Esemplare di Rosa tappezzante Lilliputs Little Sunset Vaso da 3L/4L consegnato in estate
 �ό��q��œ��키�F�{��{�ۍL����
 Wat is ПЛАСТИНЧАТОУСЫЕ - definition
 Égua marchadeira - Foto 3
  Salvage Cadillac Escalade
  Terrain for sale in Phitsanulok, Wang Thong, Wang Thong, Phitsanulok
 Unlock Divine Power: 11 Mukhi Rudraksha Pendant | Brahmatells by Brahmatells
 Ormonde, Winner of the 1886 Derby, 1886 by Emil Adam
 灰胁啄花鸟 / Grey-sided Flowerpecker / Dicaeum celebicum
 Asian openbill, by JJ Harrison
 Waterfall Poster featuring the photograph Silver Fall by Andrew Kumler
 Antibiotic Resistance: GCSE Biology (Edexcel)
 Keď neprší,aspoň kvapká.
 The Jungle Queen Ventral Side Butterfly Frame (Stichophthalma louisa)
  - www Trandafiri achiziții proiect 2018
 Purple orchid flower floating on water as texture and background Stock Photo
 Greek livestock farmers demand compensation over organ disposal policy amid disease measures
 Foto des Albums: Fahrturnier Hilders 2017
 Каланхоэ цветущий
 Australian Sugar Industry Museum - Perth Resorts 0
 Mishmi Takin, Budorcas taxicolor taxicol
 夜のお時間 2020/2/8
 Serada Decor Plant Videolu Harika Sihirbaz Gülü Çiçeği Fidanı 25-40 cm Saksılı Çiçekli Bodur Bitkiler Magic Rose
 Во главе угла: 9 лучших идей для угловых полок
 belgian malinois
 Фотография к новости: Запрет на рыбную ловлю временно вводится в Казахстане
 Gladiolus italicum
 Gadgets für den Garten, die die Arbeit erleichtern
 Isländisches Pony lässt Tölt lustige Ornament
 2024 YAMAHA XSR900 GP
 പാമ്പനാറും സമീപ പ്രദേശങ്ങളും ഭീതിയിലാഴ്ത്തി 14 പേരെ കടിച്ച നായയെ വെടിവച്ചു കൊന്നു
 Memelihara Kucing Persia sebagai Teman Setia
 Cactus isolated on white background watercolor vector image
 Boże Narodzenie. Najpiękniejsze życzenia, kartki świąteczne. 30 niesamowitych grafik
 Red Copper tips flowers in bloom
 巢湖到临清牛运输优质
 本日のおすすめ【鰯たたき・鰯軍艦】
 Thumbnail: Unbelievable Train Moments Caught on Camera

════════════════

- _Assigned task_:
An exact transcription of the lines from the start of the listing through the line bearing "Ormonde, Winner of" is the whole answer.

- _Response below_:
Esemplare di Rosa tappezzante Lilliputs Little Sunset Vaso da 3L/4L consegnato in estate
 �ό��q��œ��키�F�{��{�ۍL����
 Wat is ПЛАСТИНЧАТОУСЫЕ - definition
 Égua marchadeira - Foto 3
  Salvage Cadillac Escalade
  Terrain for sale in Phitsanulok, Wang Thong, Wang Thong, Phitsanulok
 Unlock Divine Power: 11 Mukhi Rudraksha Pendant | Brahmatells by Brahmatells
 Ormonde, Winner of the 1886 Derby, 1886 by Emil Adam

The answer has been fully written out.